In India, Amul, the largest cooperative dairy brand, launched camel milk products back in 2019. Despite the limited market, it continues to procure more than 5,000 litres of milk daily from the Kutch region of Gujarat. But the grapevine is, the volumes are too tiny for the dairy giant to aggressively market camel milk or expand the product range. Amul did not respond to queries sent by Mint.
An important lesson from Amul’s intervention is that the camel population has stabilized in areas from where it is procuring milk, said A. Sahoo, former head of National Research Centre on Camel, Bikaner, and currently director at the National Institute of Animal Nutrition and Physiology, Bengaluru. “It is for Rajasthan to take urgent corrective steps. Take back the impractical law. Push the state dairy cooperative to procure camel milk at a fair price. Position it as a unique offering in the growing nutraceutical market."
Back in 2015, Aadvik Foods was the first in India to launch a range of camel milk products.

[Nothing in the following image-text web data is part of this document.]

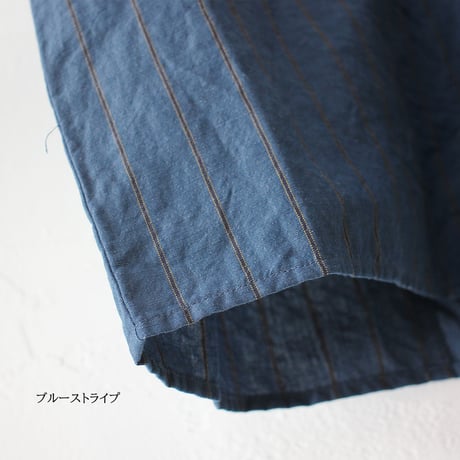 homspun ホームスパン　C/Lチェック＆ストライプパフスリーブブラウス　【送料無料】
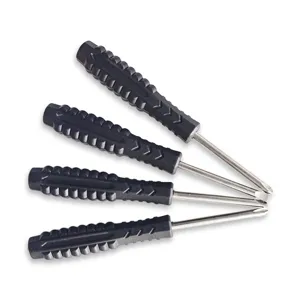 4er Set Mini Schraubendreher mit schwarzen Anti-Rutsch-Griffen für Reparatur und Spielzeug.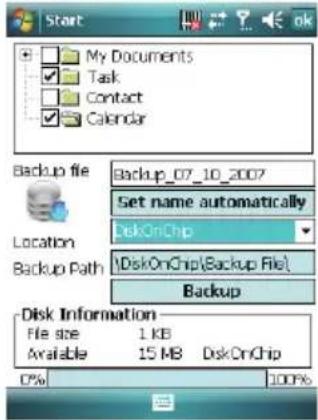 Start My Documents Task Contact Calendar Backup file Backup_07_10_2007 Set name automatically DekOnChip Location Backup Path Disk OnChip\Backup File\ Backup Disk Information File size 1 KB Available 15 MB Disk OnChip 0% 100%
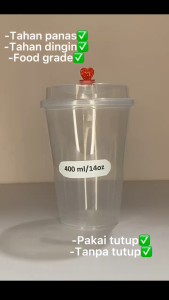 【CUP & TUTUP 100 PCS】Futureplas Cup Injection 14oz 400ML/13 G - Connected Lid sambung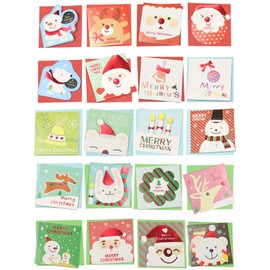 20 Pack Mini Christmas Greeting Cards & Envelopes, Cute Stweety Small Size 3"x 3" Merry Christmas Greeting Cards Festival Color (Pack of 20)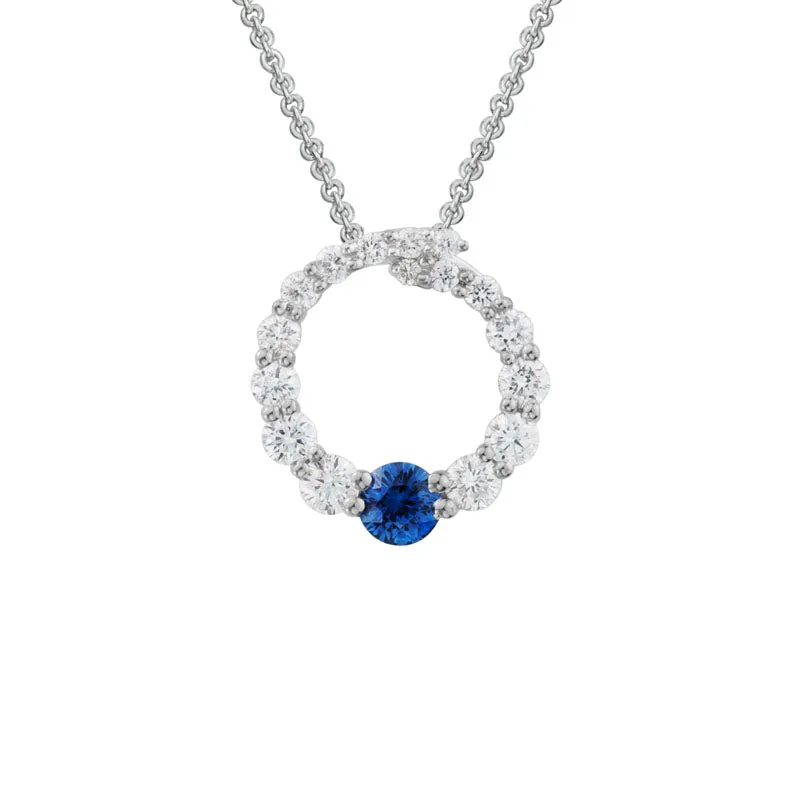 SAPPHIRE AND DIAMOND CIRCLE PENDANT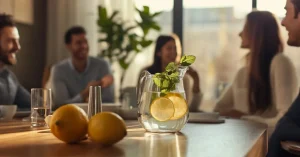 Das Bild zeigt junge Menschen im angeregten Gespräch an einem Tisch auf dem eine Karaffe mit Zitronenwasser steht, als Sinnbild für die vielfältigen Vorteile des Alkoholverzichts im sogenannten Dry January für Körper und Geist.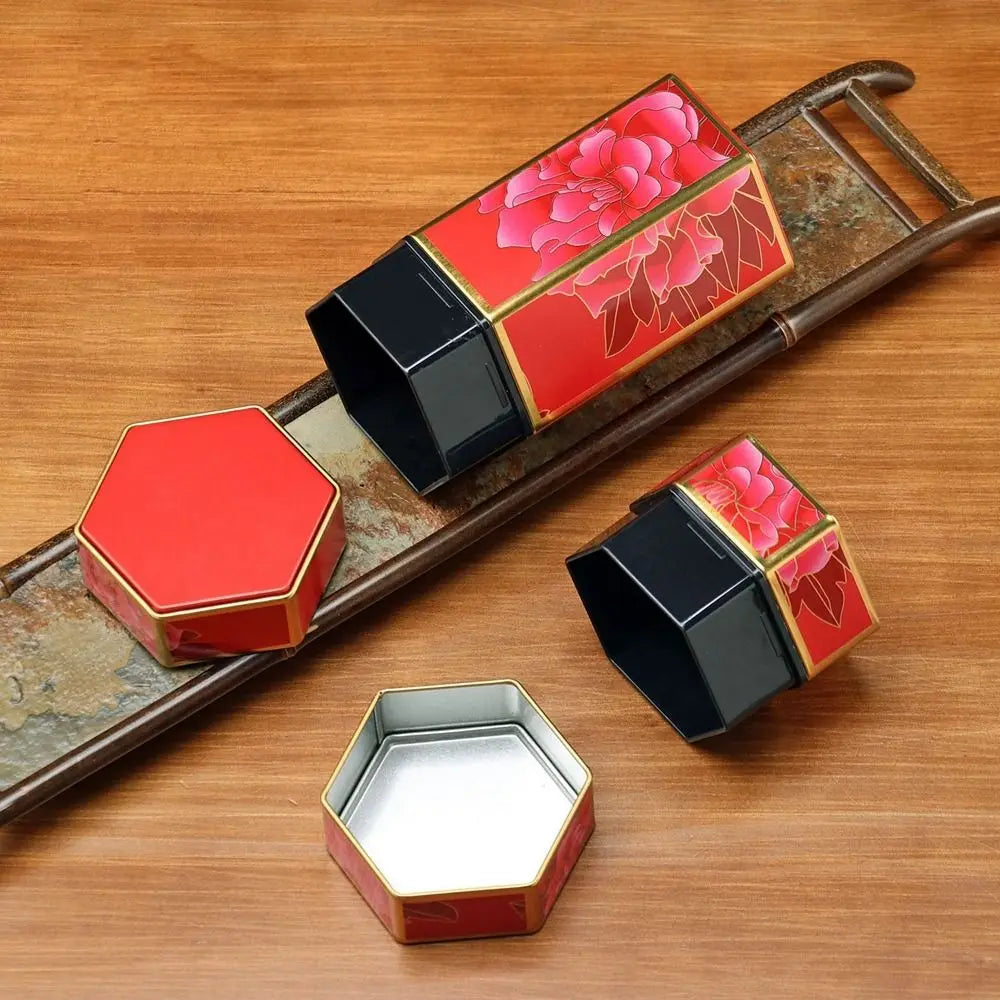 Hexagonal Tea Box Tinplate Tea Storage Tank Small Portable Sealed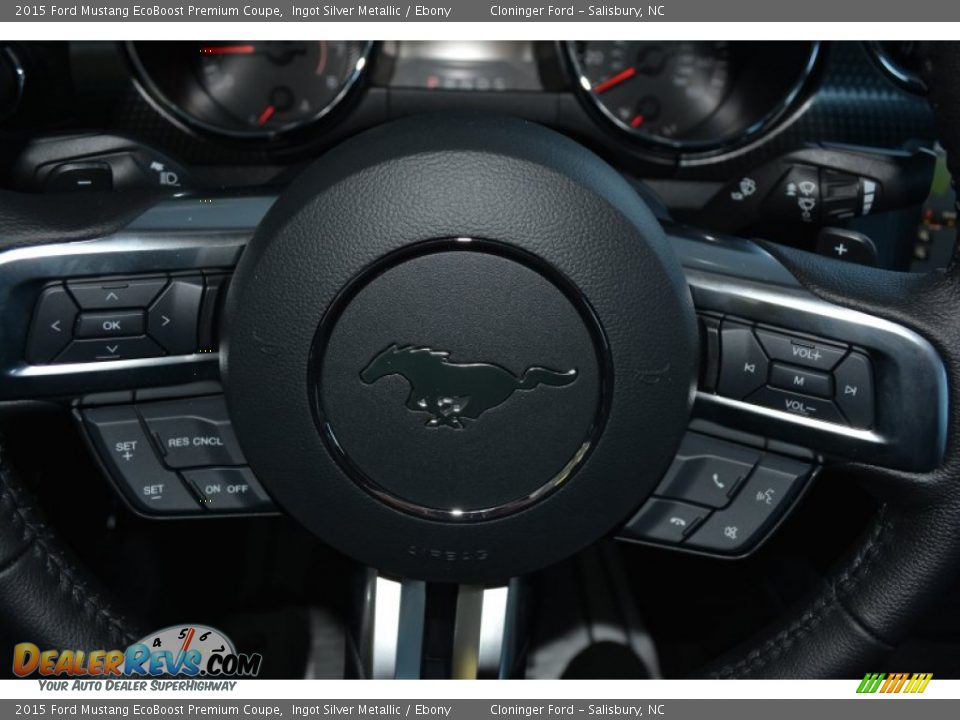 2015 Ford Mustang EcoBoost Premium Coupe Ingot Silver Metallic / Ebony Photo #18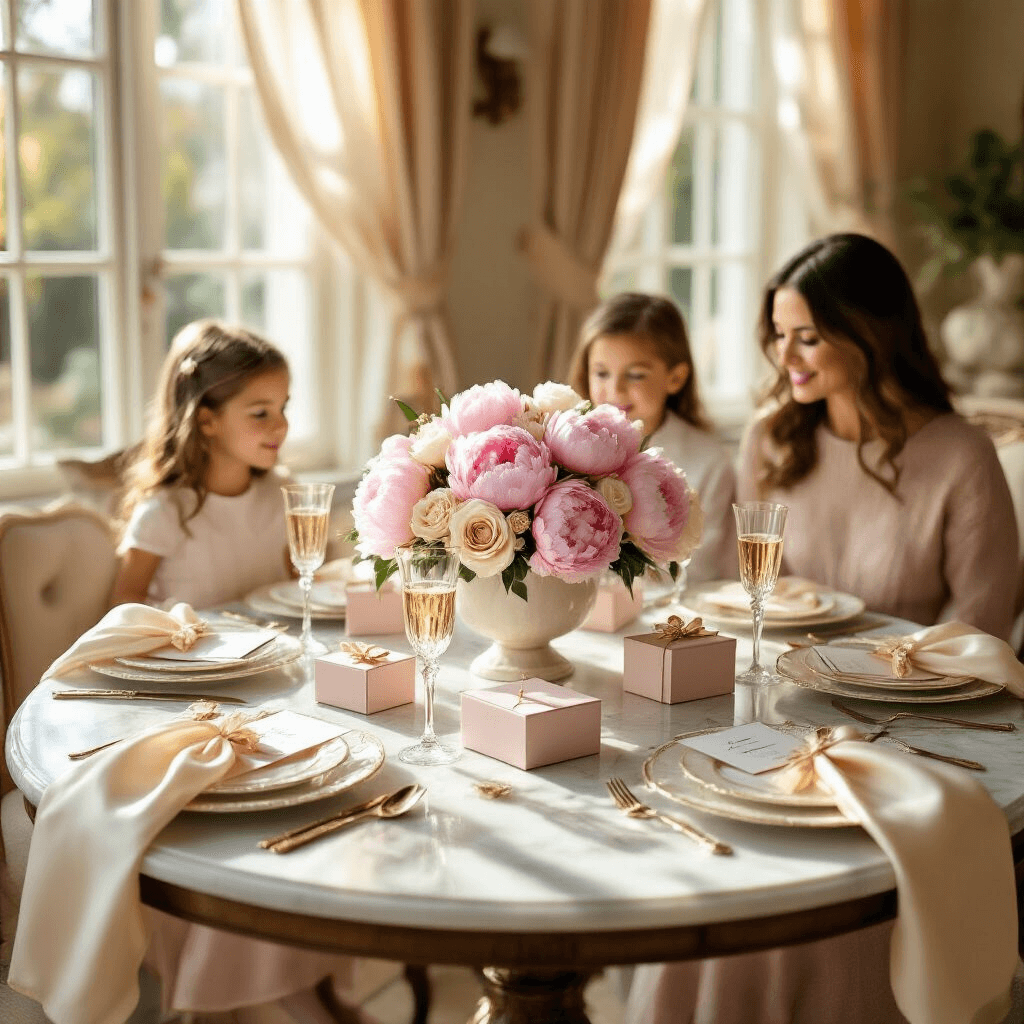 The Ultimate Mother's Day Gift Guide: Thoughtful Presents That Will Make Her Smile Elegant Mother's Day brunch setup featuring a round marble table with blush pink peonies and cream roses, personalized jewelry gift boxes, delicate china, silk napkins, crystal champagne flutes, and handwritten cards, all bathed in warm natural light.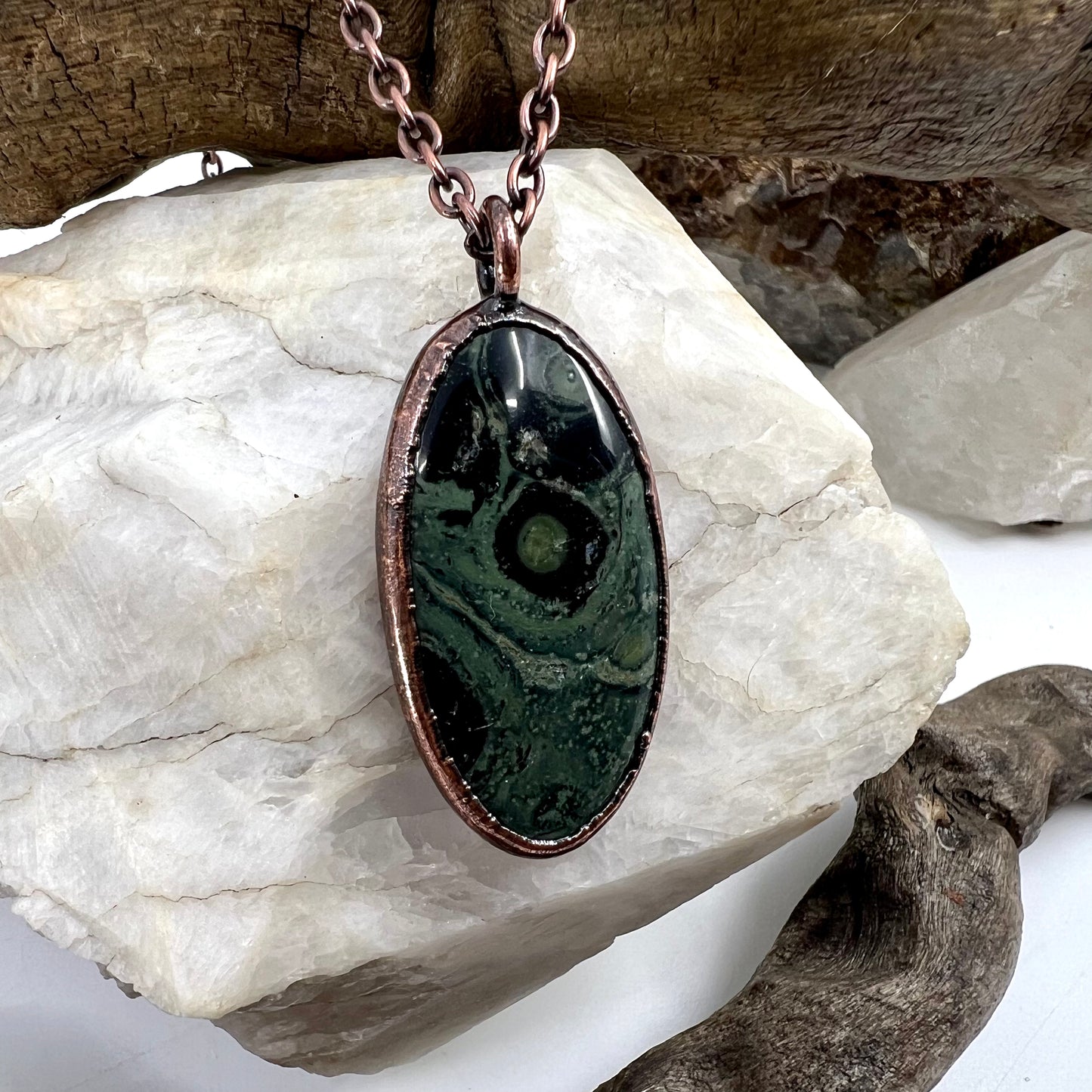 Kambaba Jasper Necklace -- Copper Electroformed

For the bootstrapped startup, it’s been a roller-coaster ride with annual revenue swinging between ₹6.5 crore and ₹9 crore. The limited market for camel milk also prompted Aadvik to diversify into other niche segments like goat and donkey milk products.
“The top challenge is to boost demand via aggressive campaigns but being a small brand, our marketing budget is limited," said Hitesh Rathi, founder of Aadvik. “We expected the market to expand following Amul’s entry. That did not happen. 2024 was a lost opportunity for India to promote camel milk (since it was designated by the UN as the International Year of Camels)."
The policy apathy camels are facing in India could lead to uneasy choices in future: like importing camels from other countries to revive their population, a bit like the recent intercontinental translocation of wild Cheetahs from Africa.
The writing is on the wall. At Mundara village in Pali, 90-year-old Harji Ram is the lone raika herder left in the neighbourhood. His son teaches in a government school. One grandson is preparing for law school. Harji Ram knows an era will end with him. There was a time when wealth was measured by the number of camels one kept. Now, no girl wants to marry a camel herder, Harji Ram’s grandson, Karan Raj joked.